Excel Help - Is it possible to return the column number of the 2nd match within a horizontal array?
I'm trying to return the column number that corresponds to the 2nd occurrence of zero in the following table:
B C D E F G
2 0 0 3 4 9
For example, the desired formula will return a 3 representing column D.
If that is not possible to return the column number within the array then is it possible to return a 4 instead (column number within the worksheet)?
I'm sure somebody will have a much neater way to do this, but here's a quick answer I've hacked together.
It requires you to specify the range (B1:G1 in your example) in some MATCH
formulas, and also to specify that range again in R1C1 format for use in the INDIRECT
function.
=MATCH(0,INDIRECT("R1C"&MATCH(0,B1:G1,0)+1&":R1C7",0),0)+MATCH(0,B1:G1,0)
Walkthrough
We start by finding the column holding your first matched value, that's this bit of the formula: MATCH(0,B1:G1,0)
.
Then once we know that the first match is in column C, we can run another MATCH
that looks in the range to the right of Column C - ie Column D onwards. That's what the INDIRECT
is doing. It uses R1C1 referencing so that it can take your first MATCH
as an input: INDIRECT("R1C"&MATCH(0,B1:G1,0)+1&":R1C7",0)
.
So then we run our second MATCH
like this: MATCH(0,INDIRECT("R1C"&MATCH(0,B1:G1,0)+1&":R1C7",0),0)
.
That will output the number of the column counting up from Column D (ie 1 in this case). So we need to add the number of columns we skipped on the left, to get our final number - this is just a repeat of the first MATCH: +MATCH(0,B1:G1,0)
.
Note - For flexibility use INDEX() or OFFSET() rather than INDIRECT()

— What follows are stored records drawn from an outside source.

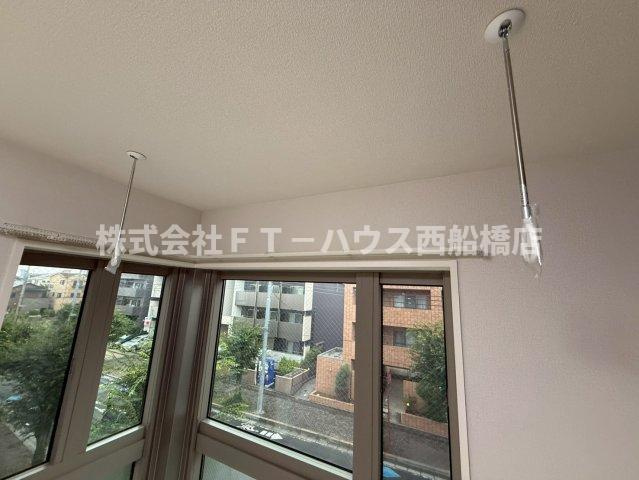 ザ・アークコート市川妙典の設備
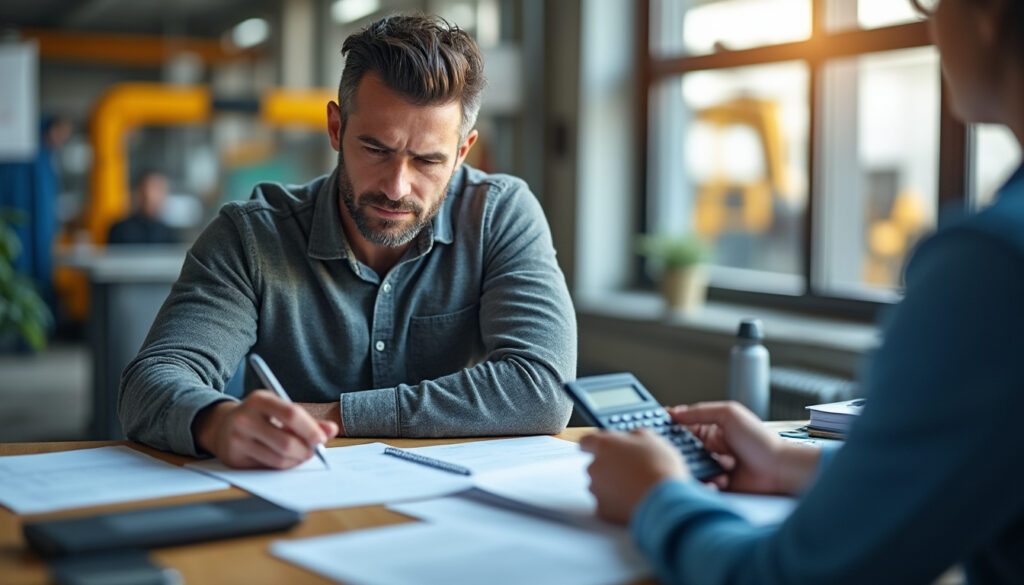 tableau 57 des maladies professionnelles : comprenez le calcul de la rente, les critères d’indemnisation et le montant auquel vous pouvez prétendre.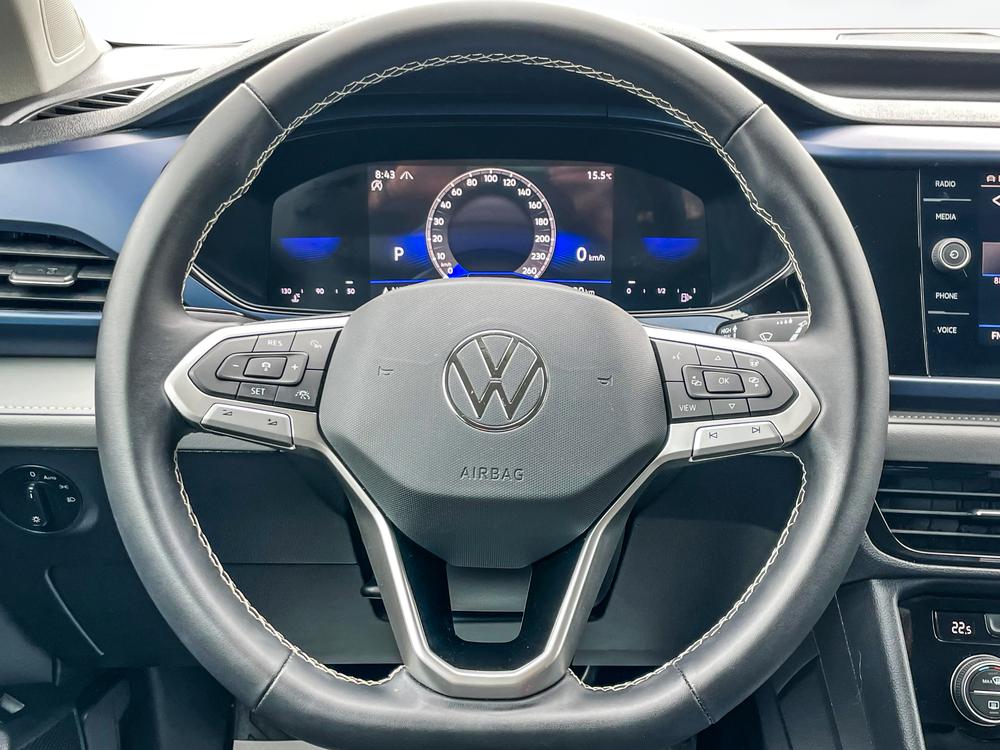 Volkswagen Taos comfortline 2024 d’occasion à vendre - 21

Blm raises excellent points about the inflexibility of using INDIRECT
- read his answer proposing INDEX
or OFFSET
instead.
By popular demand... :-), plus there are a couple of problems with the INDIRECT
version, which I describe below.
First, two other solutions. The only substantive differences are how the second range to search is calculated. Andi used INDIRECT
, I use INDEX
and OFFSET
respectively. One other small difference you'll notice, instead of hardcoding the value to search for, I get it from a cell, which just makes it easier to test the formulas by varying the number being searched for. I've included all three here so it's easy to see them next to each other, the first is just copied from Andi's answer (with the hardcoded 0 replaced with the same cell reference I use in the others, B3):
=MATCH(B3,INDIRECT("R1C"&MATCH(B3,B1:G1,0)+1&":R1C7",0),0)+MATCH(B3,B1:G1,0)

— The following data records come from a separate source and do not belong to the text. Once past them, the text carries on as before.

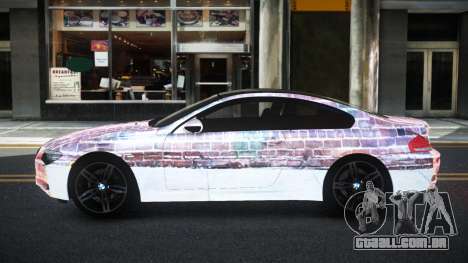 BMW M6 Roniah S14 para GTA 4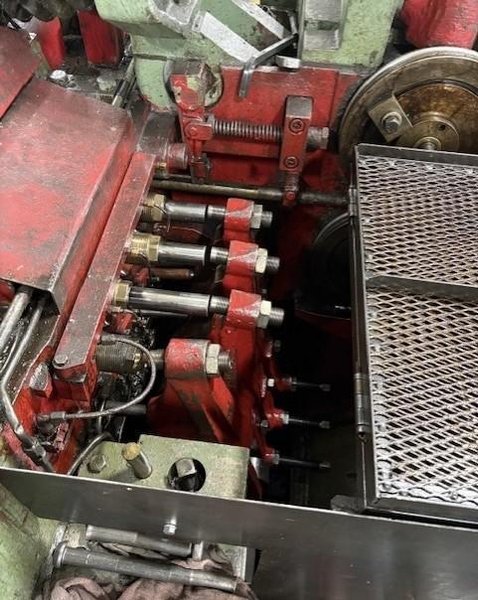 1/2&quot;, NATIONAL #S3, HS BOLTMAKER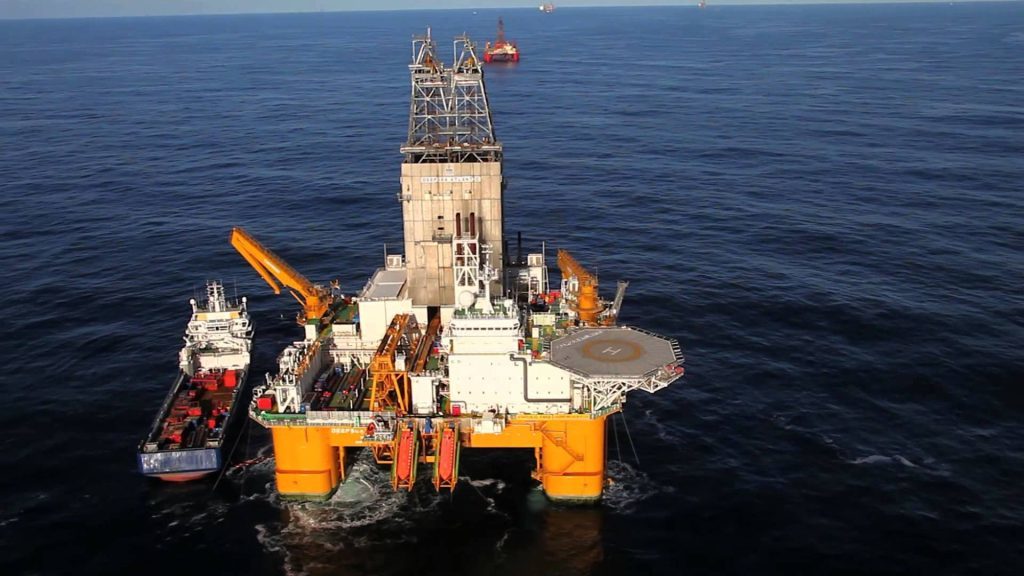 Odfjell Drilling year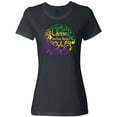 thumbnail image 3 of Inktastic Laissez Les Bon Temps Rouler- Mardi Gras Women's T-Shirt, 3 of 5
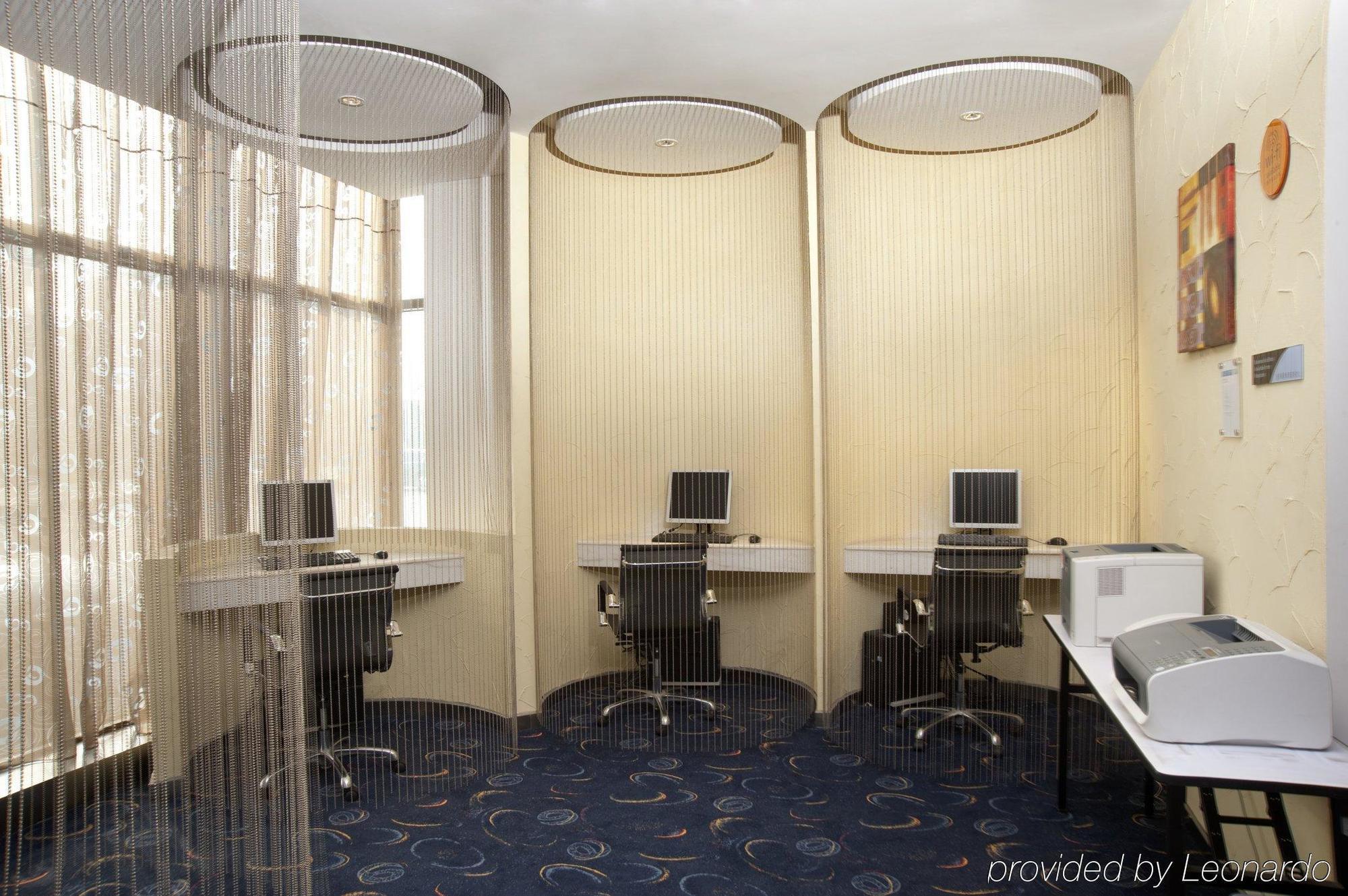 Holiday Inn Express Tianjin Binhai Faciliteter billede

=MATCH(B3,INDEX(B1:G1,0,MATCH(B3,B1:G1,0)+1):G1,0)+MATCH(B3,B1:G1,0)
=MATCH(B3,OFFSET(B1:G1,0,MATCH(B3,B1:G1,0)):G1,0)+MATCH(B3,B1:G1,0)

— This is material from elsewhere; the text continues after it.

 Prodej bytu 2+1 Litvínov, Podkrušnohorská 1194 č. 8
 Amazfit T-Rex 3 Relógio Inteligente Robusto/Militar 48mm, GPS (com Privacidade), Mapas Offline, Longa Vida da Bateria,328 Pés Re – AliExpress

The second argument to the first (in the formula, it's matching the second occurrence of the search number) MATCH
is the difference:
INDIRECT("R1C"&MATCH(B3,B1:G1,0)+1&":R1C7",0)
INDEX(B1:G1,0,MATCH(B3,B1:G1,0)+1):G1
OFFSET(B1:G1,0,MATCH(B3,B1:G1,0)):G1
Andi described the first. The second and third work by calculating a reference to the cell after the match (the INDEX(...)
and OFFSET(...)
), and then extending that to a range that ends with the last cell (the :G1
part). So if searching for 0, MATCH(B3,B1:G1,0)
returns 2, so the INDEX
version becomes:
INDEX(B1:G1,0,2+1):G1
INDEX(B1:G1,0,3):G1
D1:G1
The OFFSET
version behaves similarly.
Although the three are on the face of it equivalent, there are actually two things that would make me not use the INDIRECT
version. The first is that because it calculates an absolute column, it doesn't work in slightly different circumstances. Let's say the final value in the table is changed from a 9 to a 3. Then if we place 3 in B3 to search for the second 3, the formulas should all return 6. However, the INDIRECT
version returns 5. Here's why. In that case, MATCH(B3,B1:G1,0)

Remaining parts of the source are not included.